Na época dos seus pais nada disso era discutido e, por isso, os preconceitos na geração deles continuam enraizados até hoje. Na nossa geração estamos discutindo isso e nos tornando mais conscientes. Sim, o objetivo tem que ser mesmo gerar debate. A Carol não monetiza cliques na Ligamagic não, mas todos nos tornamos pessoas melhores se passamos a corrigir proativamente nossos comportamentos tóxicos.
Certeza.
Há inúmeros fatores periféricos que acabam estimulando e/ou desestimulando novos ingressos no jogo físico, cada um deles impactando mais ou menos as pessoas envolvidas, dependendo de sua idade, personalidade, classe social, história pessoal etc etc
Quanto maior for o foco dado no jogo em si, maior será a probabilidade de que o Magic acabe unindo as pessoas em um grupo local minimamente saudável, e maior será a probabilidade de que essas situações desagradáveis, que por vezes apenas refletem uma falta de maturidade por parte de alguns jogadores, acabem desaparecendo do ambiente de jogo, conforme o convívio e o respeito vão se desenvolvendo naturalmente.

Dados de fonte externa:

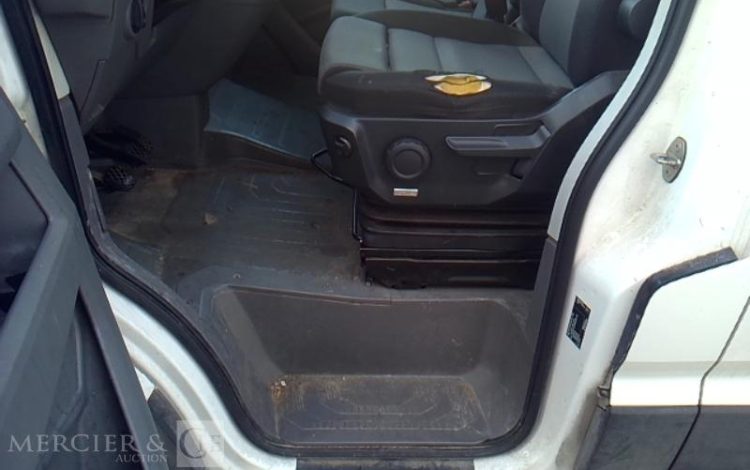 VOLKSWAGEN CRAFTER BLANC GF-091-AX
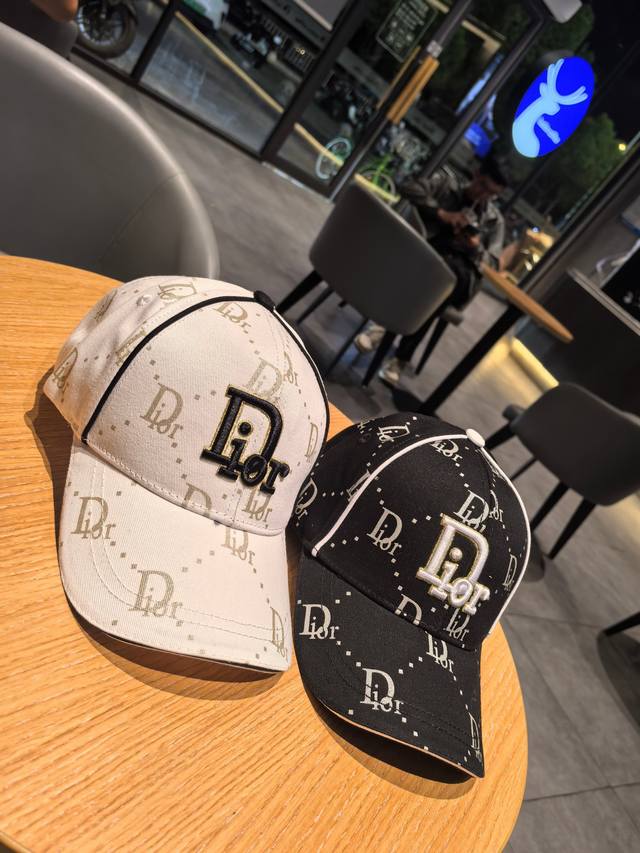 Dior迪奥全部现货2630专柜最新款棒球帽鸭舌帽！满印设计！超级洋气特别！一目了然的高品质，柜子的同款好货，品质做工堪称一流。每一款产品我们都非常看重质量，高
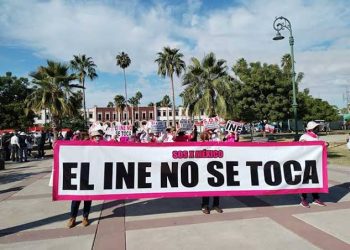MARCHAN HERMOSILLENSES EN CONTRA DE LA REFORMA ELECTORAL DEL PRESIDENTE LÓPEZ OBRADOR 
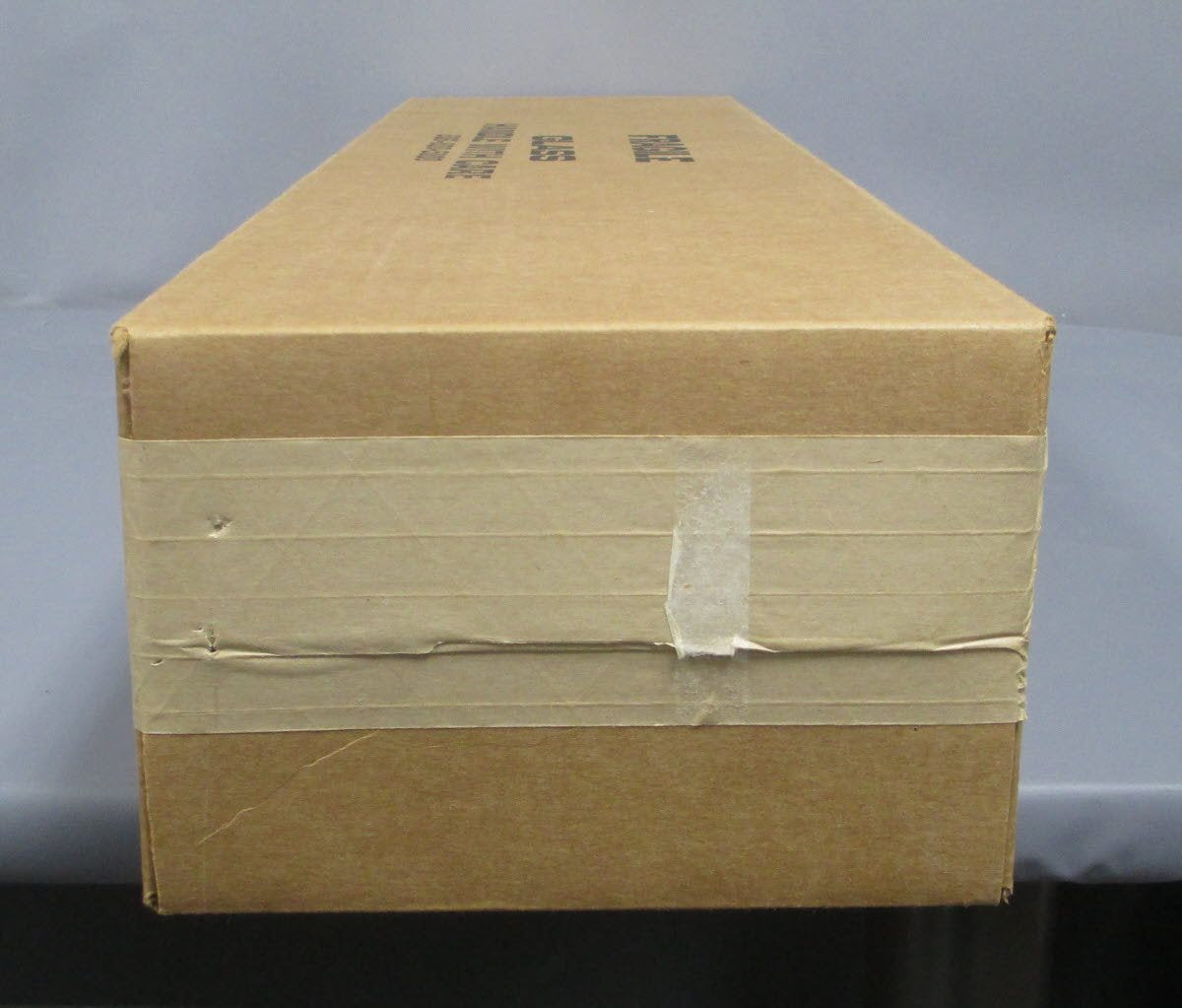 Lionel 6-18005 O NYC 4-6-4 700E Hudson Steam & Tender #5340 w/ Display Case NIB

Eu prefiro ser um otimista e ver no jogo de Magic um motivo suficiente de união e convívio entre as pessoas, união essa que supera qualquer diferença eventual que elas tenham, sob qualquer aspecto. Basta apenas que o interesse no jogo e o espírito lúdico ou de diversão estejam suficientemente presentes.
Quanto às eventuais babaquices e infantilidades, se não forem respondidas à altura e no momento, continuarão a existir no local de jogo, independente do sexo das pessoas envolvidas.
Ainda bem que não sou o único que notou que esse tipo de artigo está sendo publicado periodicamente.